Peki şimdi biz ne yapıyoruz!...  Yarın on binlerce  Rum KKTC topraklarına kazara gelip yerleşecek olursa şehitlerimizin kemikleri sızlamayacak mı?  Bizim vicdanımız  sızlamayacak mı? Kıbrıs halkı olarak , Türk milleti olarak kan ağlayacağız, kan!...

Bunun adına Kıbrıs’ta adil ve kalıcı siyasi çözüm diyebilir miyiz?   Kıbrıs Türk halkının anladığı adil ve kalıcı çözüm bu değildir…..Siyasi bir çözüm adına  Kıbrıs Türk halkı  temel ilkelerinden vazgeçemez, vazgeçmeyecektir.Bilinmelidir ki Kıbrıs Türk halkı  bu kez vereceği ‘hayır’ oyu ile  cevabını verecektir.
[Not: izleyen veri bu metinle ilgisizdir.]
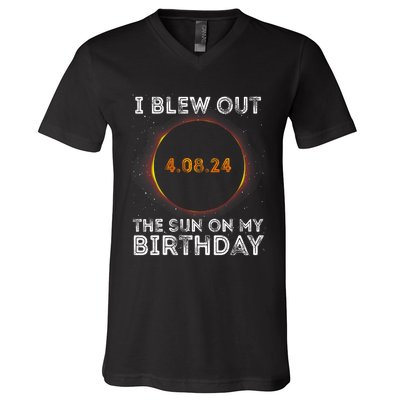 Total Solar Eclipse 4.08.24 Birthday Funny Quote Totality V-Neck T-Shirt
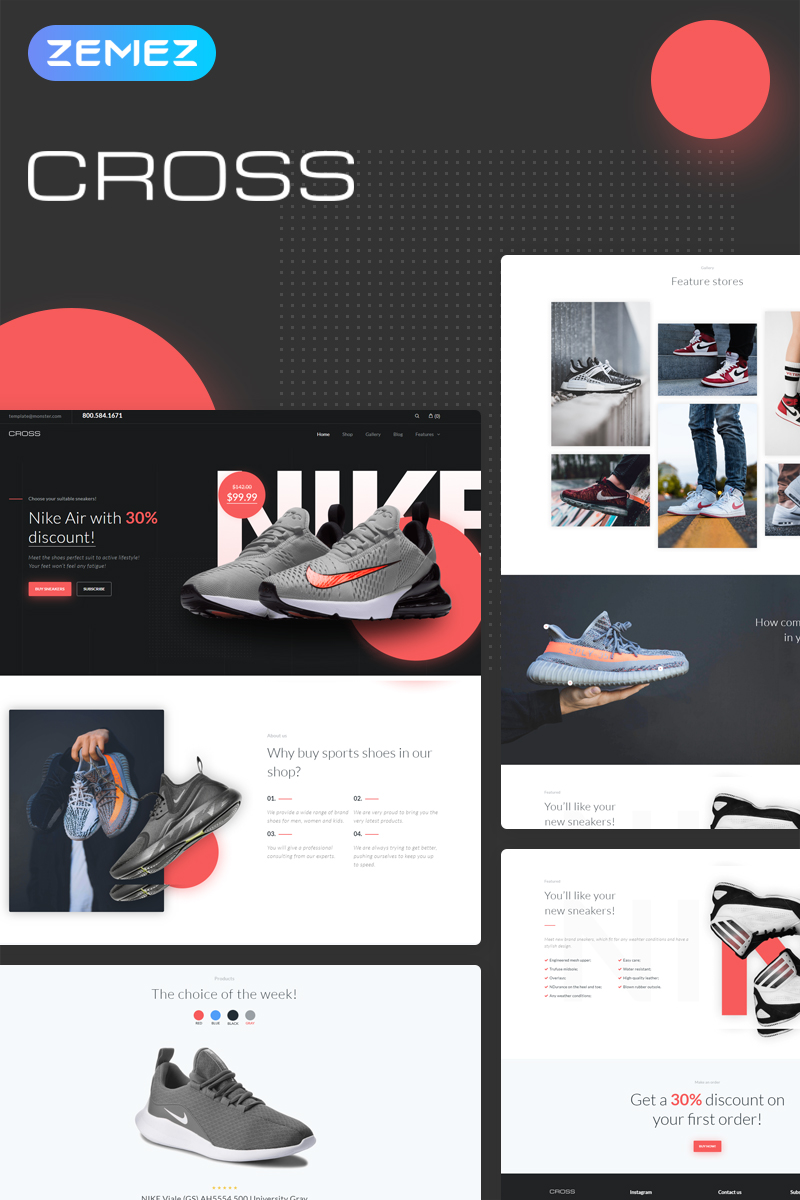 Cross - Athletic & Casual Shoes Store Elementor WooCommerce Theme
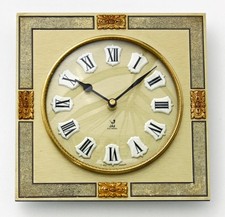 Vintage 23cm Jaz Wall Clock - Retro French Mid Century Ornate Gold Metal Gift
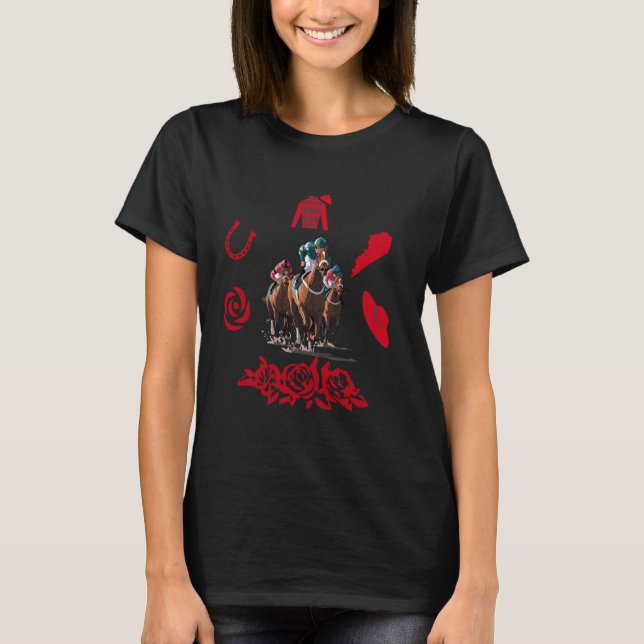 T-shirt Horse Racing Race Day Funny Jockeys Running Run 15 (Devant)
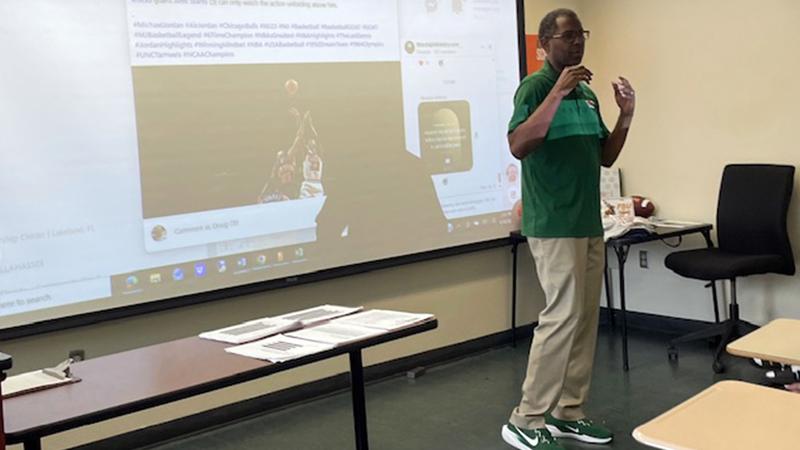 Charlie Ward Visits Sports Marketing Class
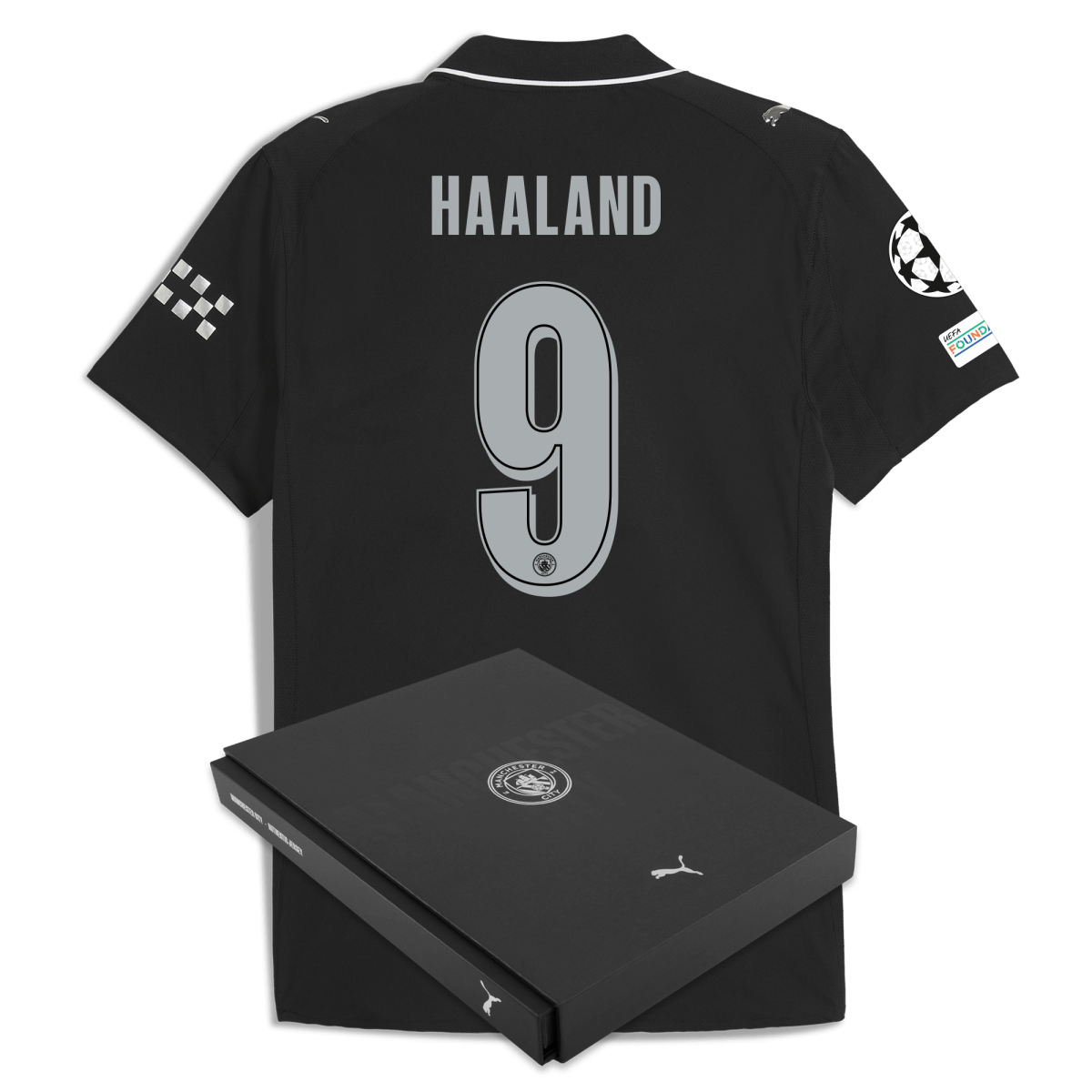Manchester City manchester city man city champions league away authentic jersey 202526 with haaland 9 printing in gift box Collection - ManchesterCitystore.com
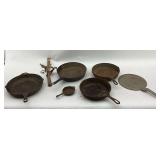 Assorted Cast Iron Cookware Lot - Pans, Skillets, Griddle and Trap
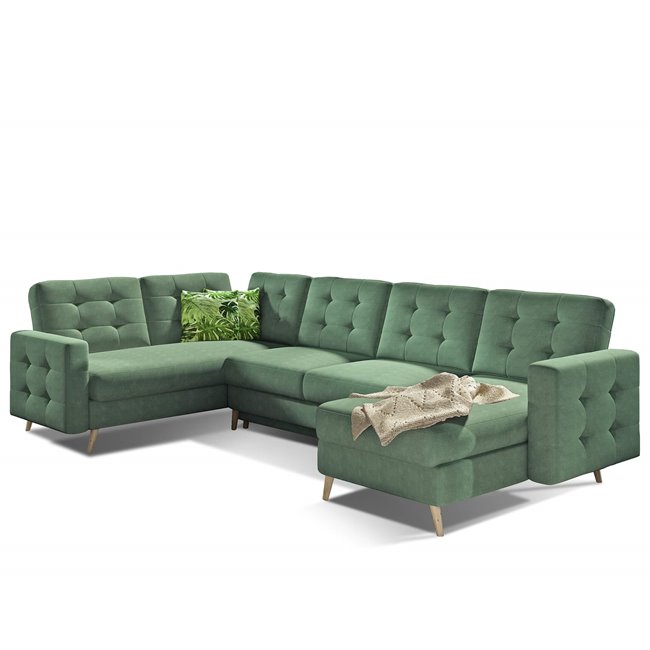 U-shaped sofa Elsgard U L/R Reversible, sleeping function, Soro 34, green, H93x326x202cm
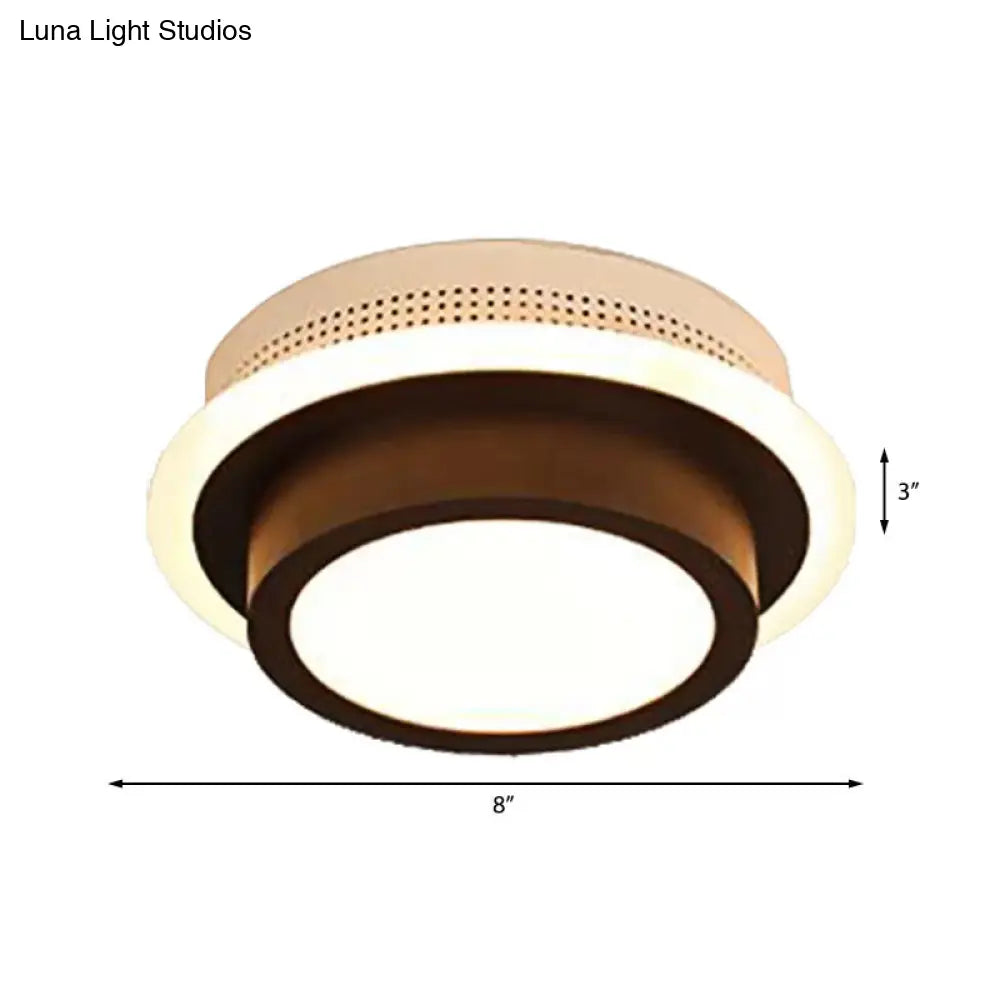 Modern Led Flush Ceiling Lamp In Black/White - Round Square Or Triangle Acrylic Design For Corridor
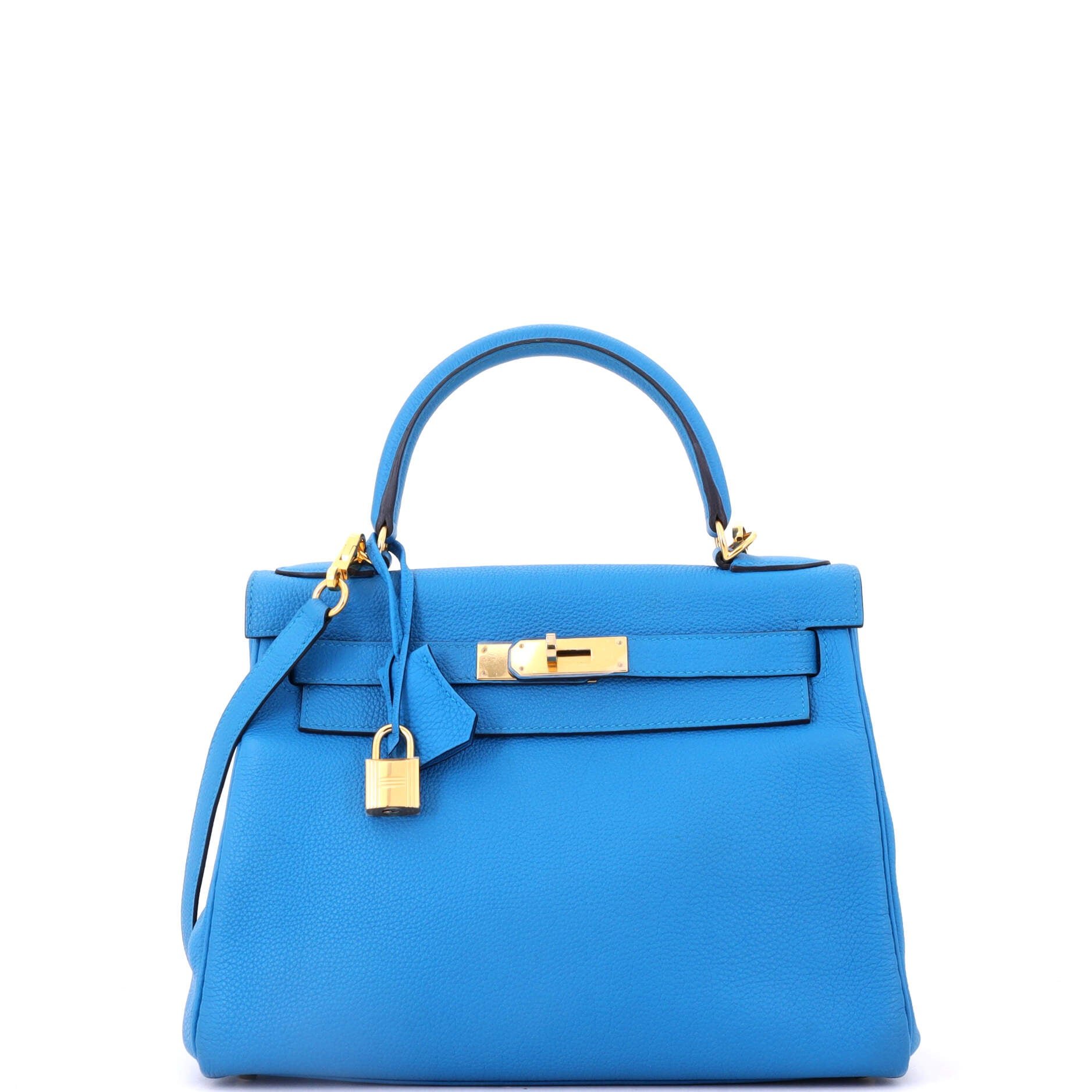 Hermes Kelly Handbag Bleu Zanzibar Togo with Gold Hardware 28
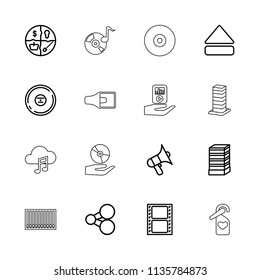 Media icon. collection of 16 media outline icons such as business center building, share, movie tape, volume, marketing, cd. editable media icons for web and mobile.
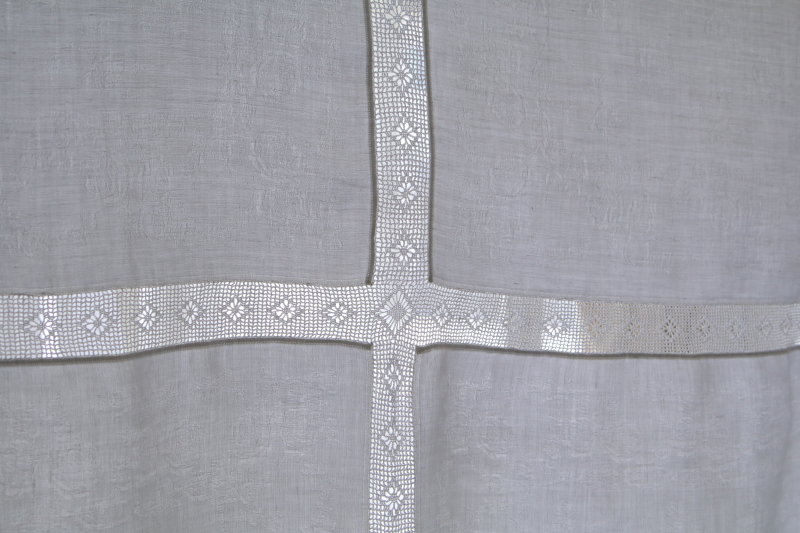 ローズダマスクリネンテーブルクロス　イギリス　アンティークストリュフ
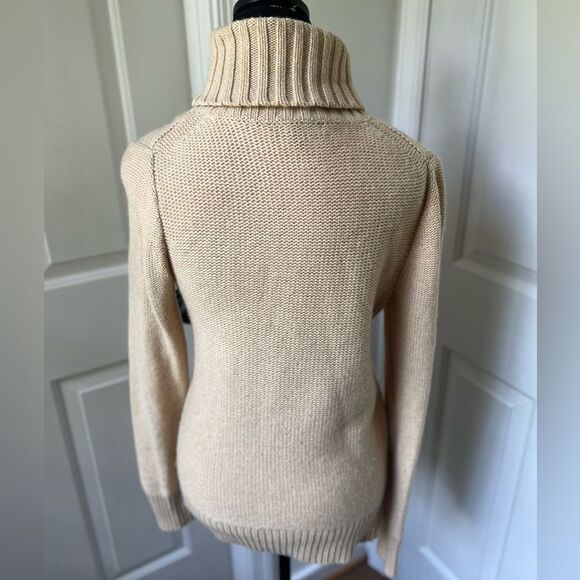 J Crew Wool Blend Cableknit Turtleneck Sweater Small - Picture 3 of 5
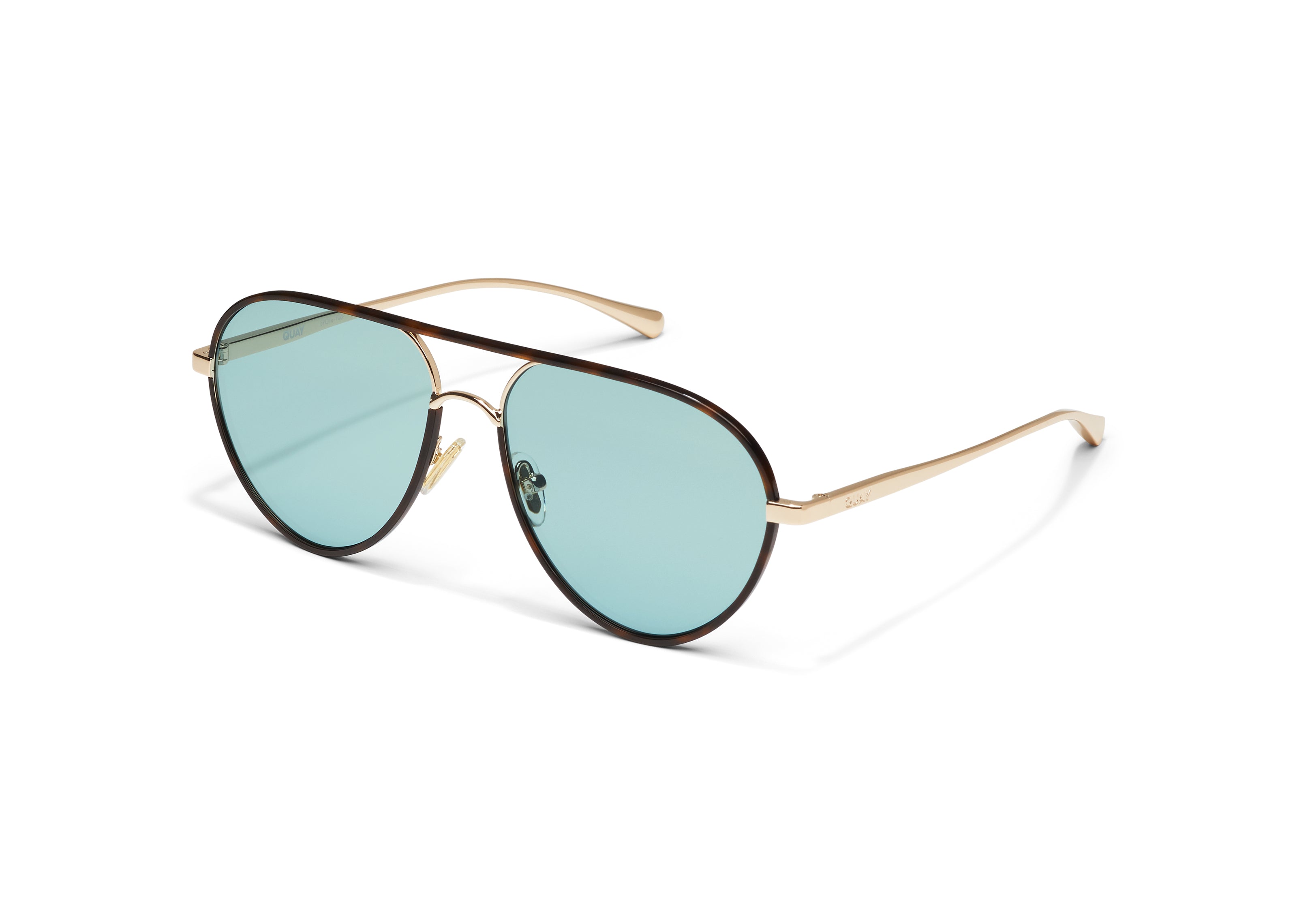 Quay Say Less Sunglasses (Amber Tort/Aqua) Secondary image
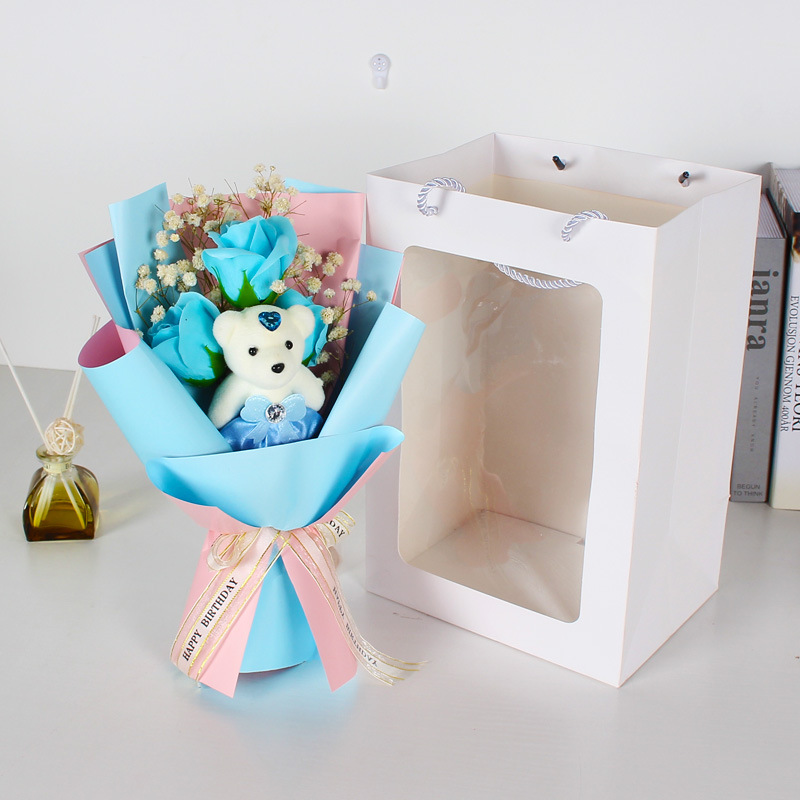 蓝玫小熊+橱窗花束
Sonuç olarak; Rum’un  hedefi  en kısa zamanda KKTC’nin varlığını sonlandırmak  ve  egemenliğini KKTC topraklarına  yaymak ve de Kıbrıs Türk halkını ‘sözde’ Kıbrıs Cumhuriyeti’ne yamalamak ve Megali İdea hayalleri çerçevesindeki hedeflerine ulaşmaktır...Kıbrıs Türk halkı Rum-Yunan ikilisinin bu  oyunlarına asla izin vermeyecektir….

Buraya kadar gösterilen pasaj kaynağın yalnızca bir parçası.